Gambar 3.4 Batu Lempung


3.2.3 Batu Gamping Kristalin

Dijumpai batugamping kristalin pada stasiun 4 dan 7 dengan karakteristik


yaitu warna lapuknya berwarna coklat dan warna segarnya berwarna abu-abu
karena belum terkontaminasi dengan lingkungan. Tekstur batuan tersebut adalah
non klastik (kristalin). Struktur batuan tersebut adalah masif. Adapun komposisi
mineral tersebut adalah kuarsa dan halit (bereaksi dengan HCL 0,1 M). Dari hasil
deskripsi tersebut maka dapat dipastikan batuan tersebut adalah batu gamping
kristalin.

Gambar 3.5 Batu Gamping Kristalin

3.2.4. Batu Peridotit

Dijumpai batuan beku ultrabasa pada stasiun 5 dan 6 dengan


karakteristik yaitu warna lapuknya berwarna coklat dan warna segarnya abu-abu
kehijauan karena belum terkontaminasi dengan lingkungan. Pada tekstur batuan,
kristalinitas batuan tersebut adalah holohyalin dan granularitas faneritik dengan
bentuknya yang relik (anhedral). Struktur batuan tersebut adalah masif. Adapun
komposisi mineral batuan adalah olivin dan piroksin. Dari hasil deskripsi tersebut
maka dapat dipastikan batuan tersebut adalah batu peridotit.
Gambar 3.6 Batu Peridotit
BAB IV

PENUTUP

4.1 Kesimpulan

Adapun kesimpulan pada fieldtrip Petrologi ini yaitu sebagai berikut :

1. Data Geomorfologi pada daerah studi tersebut didominasi oleh


pegunungan pada stasiun 1 dan 2 kemudian perbukitan pada stasiun 3
sampai 7, di daerah tersebut terdapat sungai permanen danTata guna
lahan sebagai jalur transportasi dan pemukiman, vegetasi pada daerah
tersebut adalah perkebunan dan hutan rimba.

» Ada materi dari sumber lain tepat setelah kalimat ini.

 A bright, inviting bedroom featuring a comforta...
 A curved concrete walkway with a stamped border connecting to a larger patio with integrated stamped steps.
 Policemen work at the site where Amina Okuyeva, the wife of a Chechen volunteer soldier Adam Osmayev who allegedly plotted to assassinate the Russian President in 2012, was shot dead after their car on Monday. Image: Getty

2. Data Litologi pada daerah studi tersebut dijumpai batuan Sedimen


Klastik yaitu batu pasir dan batu lempung serta batuan sedimen Non-
Klastik yaitu batu gamping kristalin, kemudian dijumpai pula batuan Beku
Ultrabasa yaitu batu peridotit.

3. Data Struktur pada daerah studi tersebut dijumpai perlapisan batuan S


03058’50.26” – S 03050’04.75” dan E 122023’48.45” – E 122026’17.43”.
Kemudian dijumpai pula perlapisan batuan pada stasiun 1 sampai stasiun
3 dan kekar yang telah terisi mineral kuarsa atau urat vein kuarsa pada
stasiun 2.

4.2 Saran

Adapun saran pada Fieldtrip Petrologi ini yaitu untuk menambah


wawasan para praktikan sebaiknya memperbanyak membaca karikatur-karikatur
mengenai Petrologi dan memperbanyak referensi tentang Petrplogi, terima kasih
pula kepada dosen pengampuh mata kuliah dan asisten dosen pada praktikum
ini karena telah menambah wawasan kami mengenai ata uliah Petrologi.